Choosing a life outside of motherhood is often framed as radical, but its reality is practical. Art may not be a child, but it still demands constant attention and zero sleep. Traditional models of parenthood do not easily accommodate artistic careers’ reliance on time and total commitment. Men are rarely forced to choose between art and family in the same way as their dedication to career is assumed. Refusing motherhood then becomes both a practical and political decision.
Emin is not alone in this refusal. Marina Abramović has been equally direct, stating that having children would have been a disaster for her work. Georgia O’Keeffe, Stevie Nicks, Frida Kahlo, Mary Cassatt. All women who have said no to motherhood in the pursuit of art. What links these artists is not simply their choice, but the way that choice is still read as deviation from the norm.
Cultural narratives reinforce this perception. The ‘spinster’, the ‘career bitch’, the emotionally incomplete figure. Tropes that persist across popular culture, from Bridget Jones to Sex in the City to Tradwife content on Insta, where fulfilment is often tied to conventional family structures. As Adrienne Rich argues, motherhood operates as an institution, shaped by social expectation as much as choice.
There is no suggestion that her life is lacking because she remains childless. What we see is a life shaped by the pursuit of art
The expectation is, however, beginning to shift. More people are delaying or rejecting parenthood altogether, questioning whether it is necessary for a complete and fulfilled life. Though they are not fully accepted yet, alternatives to the heteronormative nuclear family model are becoming more visible in the UK. Let’s seriously start talking about raising a kid with your best mate or co-parenting with friends.

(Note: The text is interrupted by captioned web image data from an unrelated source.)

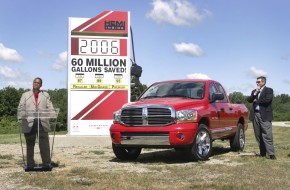 2006 Dodge Ram 1500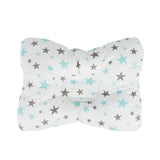 Newborn Pillow Infant Baby Nursing Support Cartoon Concave Printed Pillow Shaping Cushion Avoid Flat Head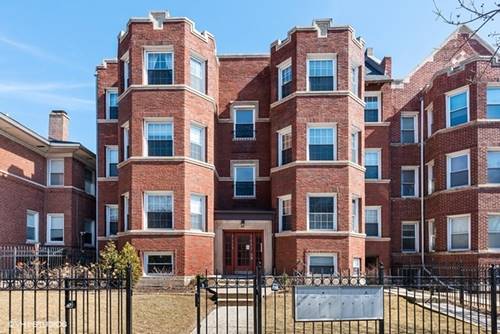 7611 N Sheridan Unit GN, Chicago, IL 60626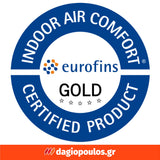 Vitex Acrylan Unco Eco Σιλικονούχο Ακρυλικό Aστάρι Nερού Διάφανο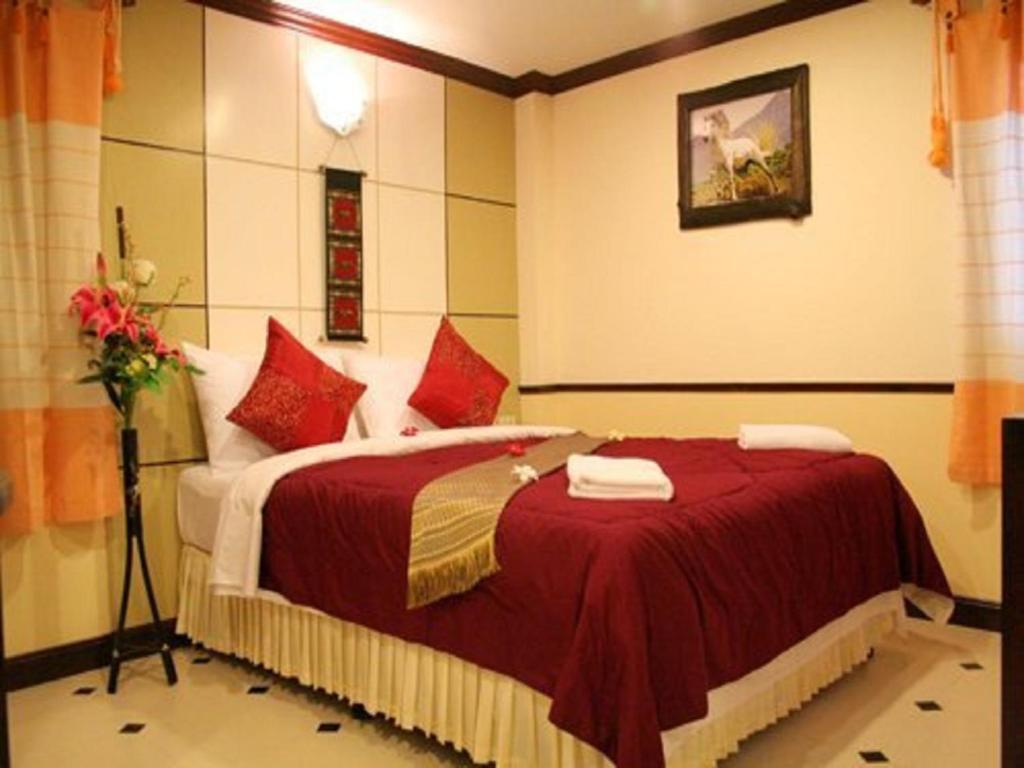 Honey House 2 Hostel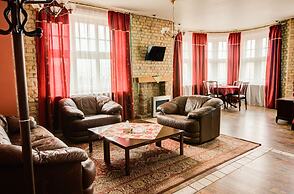 Viktorija Hotel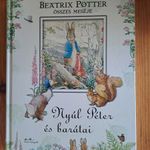 Beatrix Potter: Nyúl Péter és barátai fotó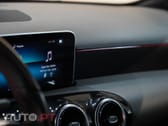 Mercedes-Benz A 180 d AMG Line Aut.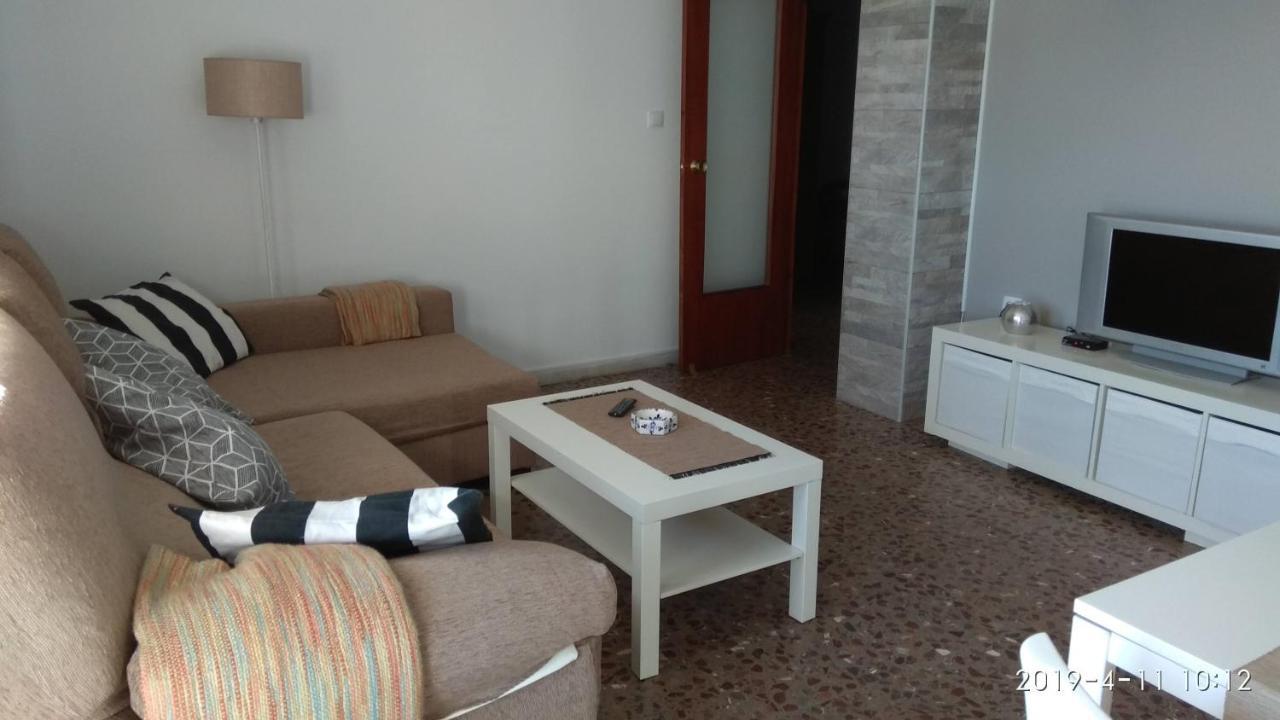Mojacar, Garrucha Y Turre Lugar De Vacaciones Apartment Exterior photo
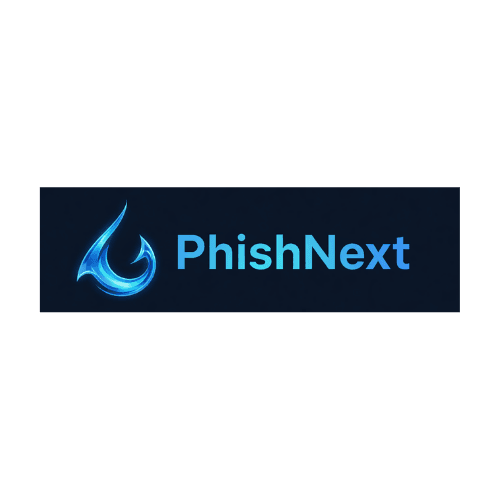 PhishNext logo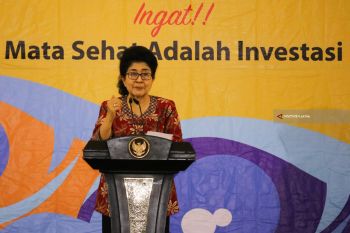 Peringatan Hari Penglihatan Sedunia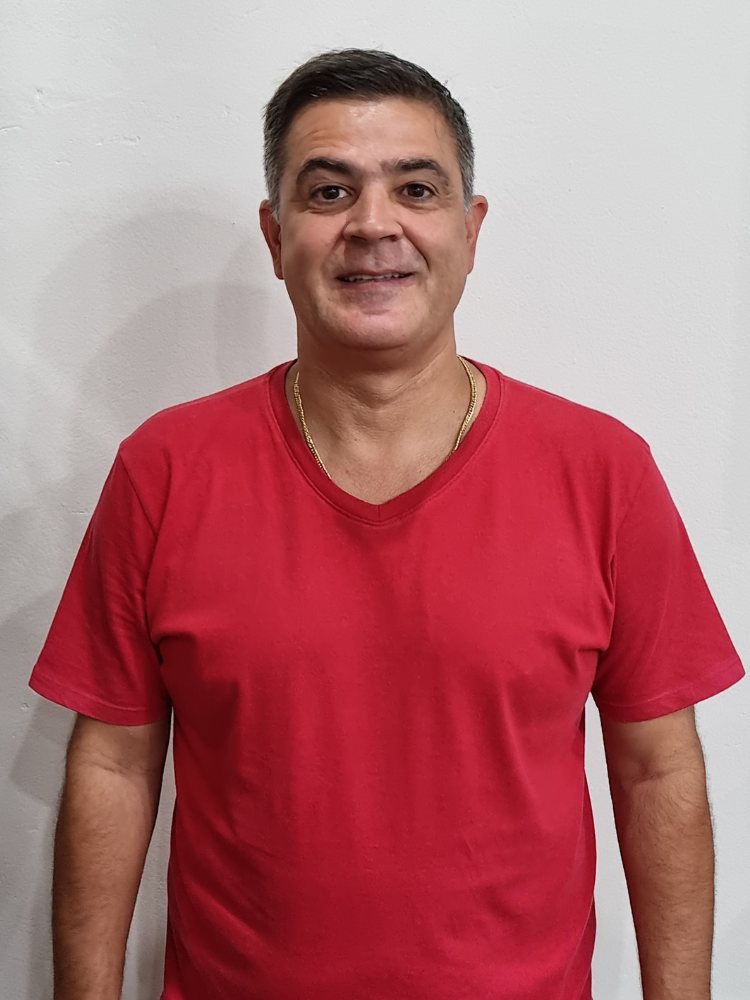 Francisco Navarro Sola Junior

What Emin’s ‘A Second Life’ exhibition offers is about possibility. There is no sense of absence in Emin’s work. There is no suggestion that her life is lacking because she remains childless. What we see is a life shaped by the pursuit of art. “I wasn’t afraid of dying”, she says, “I’m more afraid of living”, capturing the intensity of an ongoing choice to choose a life on her own terms.
And yet, the fact that this still feels radical says a lot. The association between womanhood and motherhood remains deeply embedded in our society through the media we consume, the conversations we have, and the baby dolls we buy young girls.
We need to question why we still treat motherhood as the default in the first place. Until a woman’s decision not to have children is treated as ordinary, the act of refusing will continue to be treated like a scandal when it’s really just a choice.